Verstecken hinter dem Volk

Die Opposition in Griechenland warf Tsipras vor, sich hinter dem Volk zu verstecken. Er müsse selbst eine Entscheidung treffen und dafür eintreten, sagte der frühere Regierungschef Antonis Samaras. Außerdem ergebe das Referendum keinen Sinn, weil die Verhandlungen mit den Geldgebern beendet worden seien.

Der deutsche Außenminister Frank-Walter Steinmeier übte in einem Gespräch mit der "Welt am Sonntag" Kritik an der griechischen Regierung. "Ich verstehe nicht, wie eine gewählte griechische Regierung seinem Volk empfiehlt, den europäischen Vorschlag abzulehnen und die Menschen in Griechenland damit in Geiselhaft nimmt, um Europa weitere Konzessionen abzutrotzen", sagte er. "Der Zickzackkurs der griechischen Regierung in den letzten Stunden und Tagen macht einen doch fassungslos."

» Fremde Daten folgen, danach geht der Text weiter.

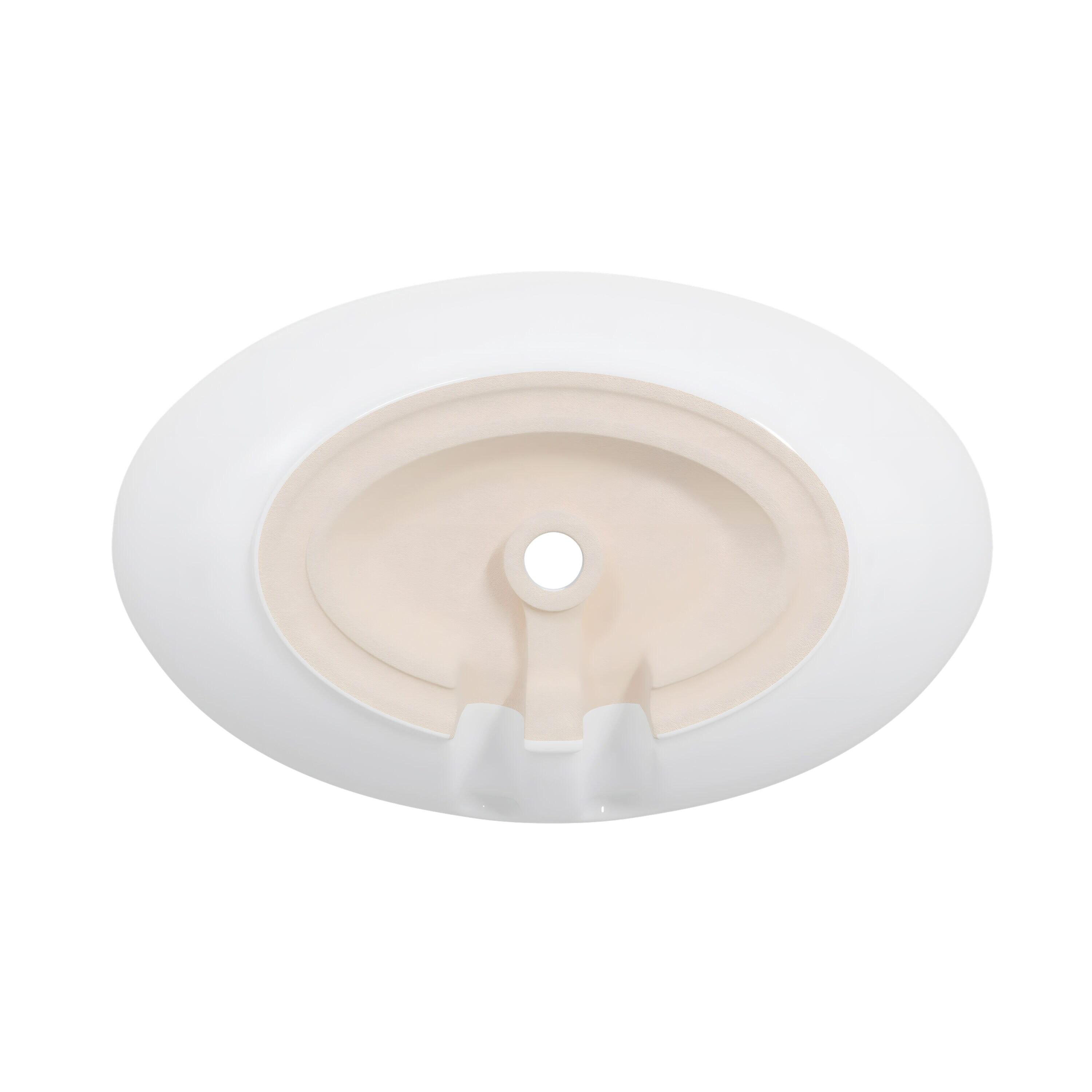 Eclisse 23" x 15" White Vitreous China Oval Bathroom Vessel Sink with Overflow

Eurogruppenchef Jeroen Dijsselbloem sagte nach dem Krisentreffen am Samstag: "Angesichts der Situation müssen wir mit Bedauern zu dem Schluss kommen, dass das Programm Dienstagnacht ausläuft." Damit würden bereitstehende Hilfen der Europäer und des Internationalen Währungsfonds für Athen von insgesamt gut 18 Milliarden Euro verfallen. Ende Juni muss Athen IWF-Kredite zurückzahlen. Über Konsequenzen berieten die anderen 18 Euro-Finanzminister anschließend ohne den griechischen Ressortchef Yanis Varoufakis.

Entscheidend wird jetzt sein, wie die Europäische Zentralbank reagiert. Nach Angaben von EU-Diplomaten wird die EZB noch am Sonntag beraten.